Short descriptive text snippets

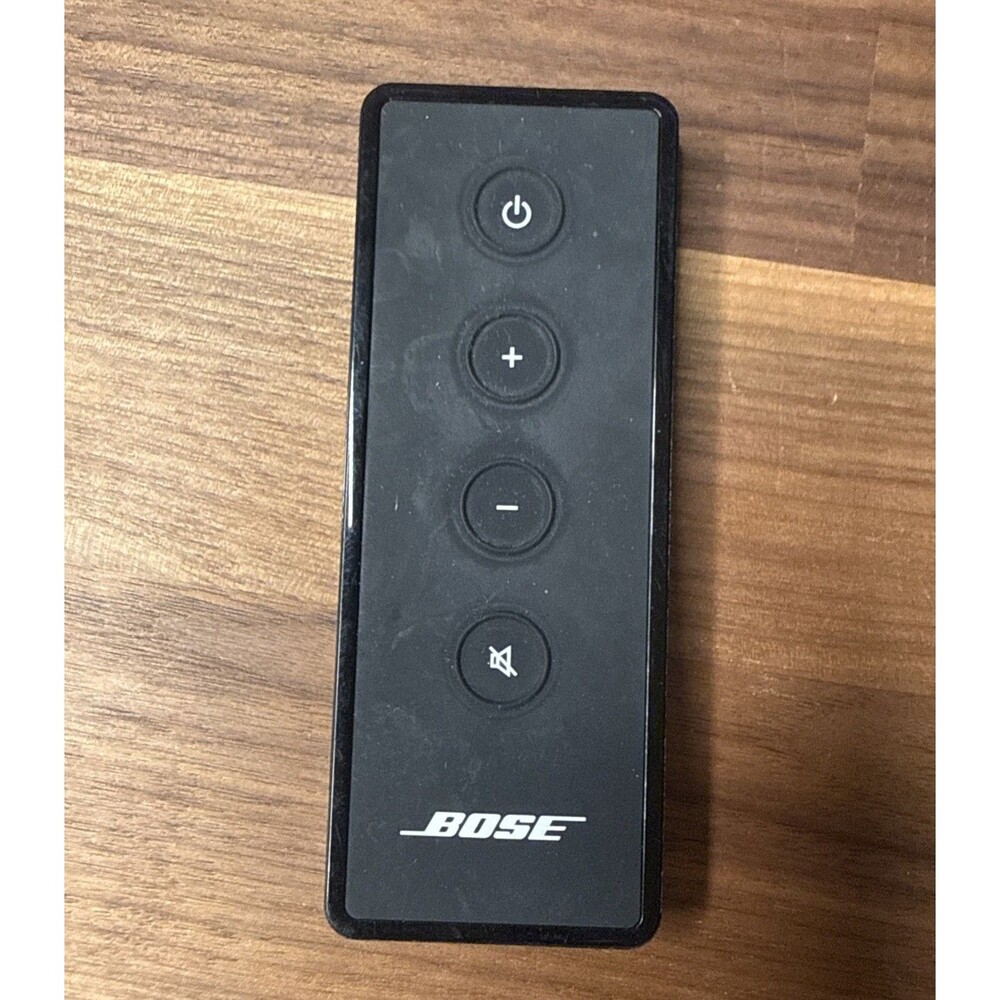 Bose Solo TV Sound System 5 10 15 series II 4 Button Remote Control OEM Working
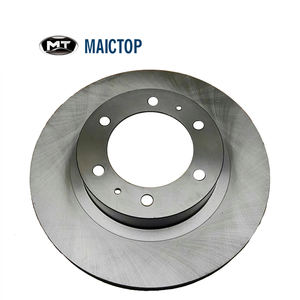 Rotor de disco de freno delantero OEM <span class=keywords><strong>43512</strong></span>-<span class=keywords><strong>0K090</strong></span> para Toyota Hilux KUN26 KUN26R con sistema VSC - Product Image 2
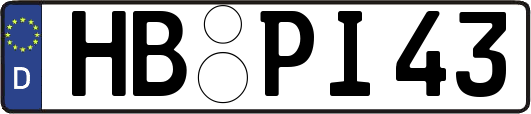 HB-PI43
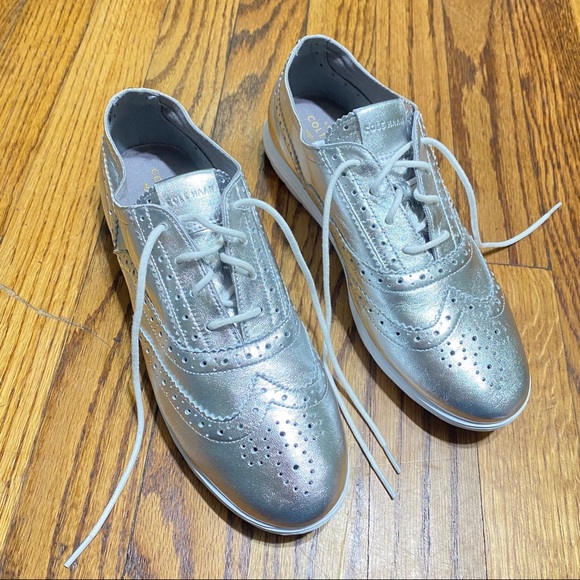 Cole Haan ØriginalGrand Wingtip Oxford leather S 7 - Picture 3 of 10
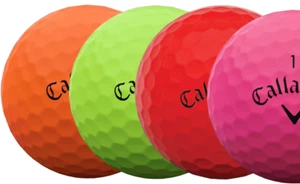 Callaway Supersoft Matte Mix Mezcla de Colores Aleatorios 36 Pelotas de Golf Usadas Estado 5A - Imagen 1 de 1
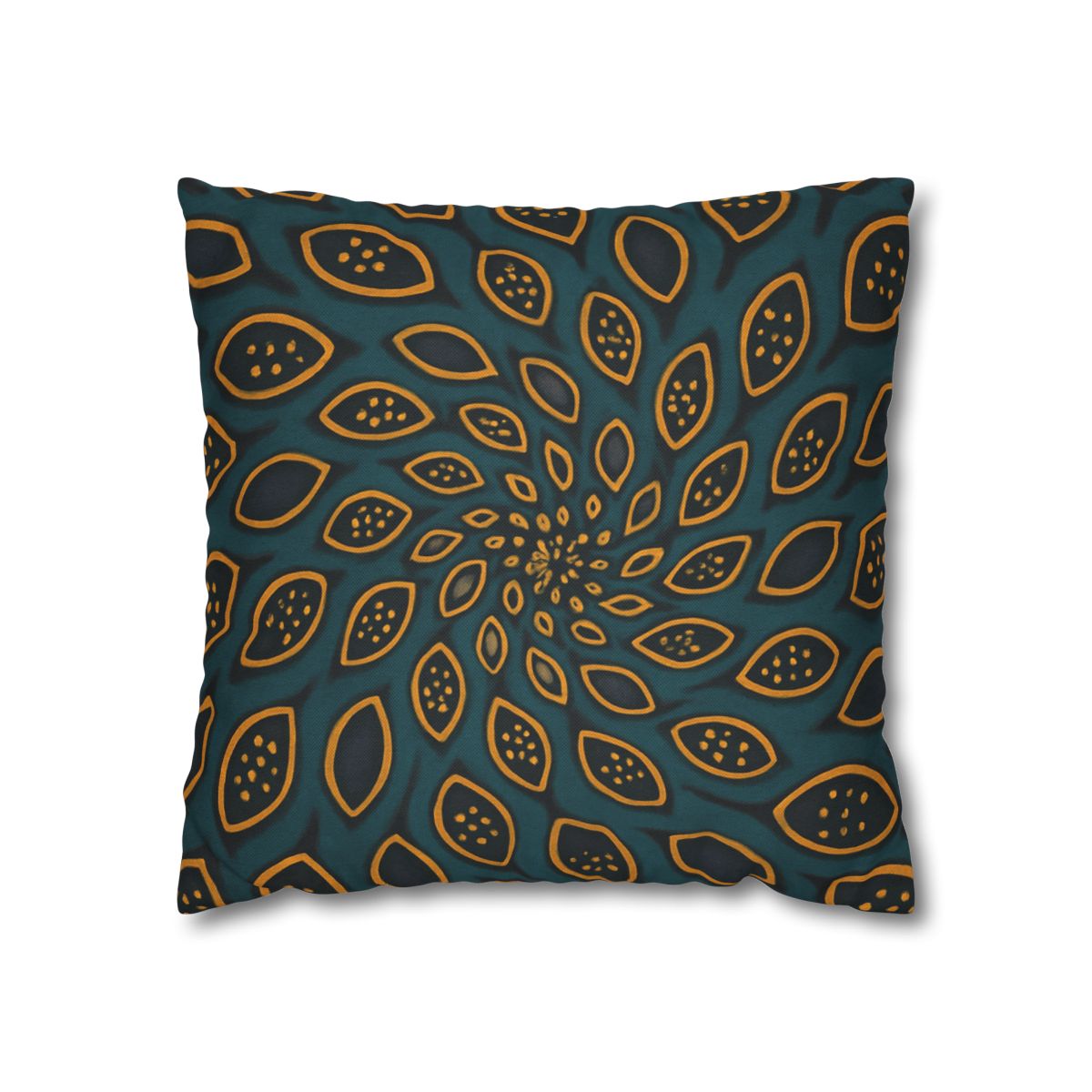 Spiral Seed Pod Array personalized pillow covers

# EXERCISE DIRECTIONS:
In your copy, please omit the pictures and print every line of the records exactly.

# COMPLETED EXERCISE:
 Bose Solo TV Sound System 5 10 15 series II 4 Button Remote Control OEM Working
 Rotor de disco de freno delantero OEM <span class=keywords><strong>43512</strong></span>-<span class=keywords><strong>0K090</strong></span> para Toyota Hilux KUN26 KUN26R con sistema VSC - Product Image 2
 HB-PI43
 Cole Haan ØriginalGrand Wingtip Oxford leather S 7 - Picture 3 of 10
 Callaway Supersoft Matte Mix Mezcla de Colores Aleatorios 36 Pelotas de Golf Usadas Estado 5A - Imagen 1 de 1
 Spiral Seed Pod Array personalized pillow covers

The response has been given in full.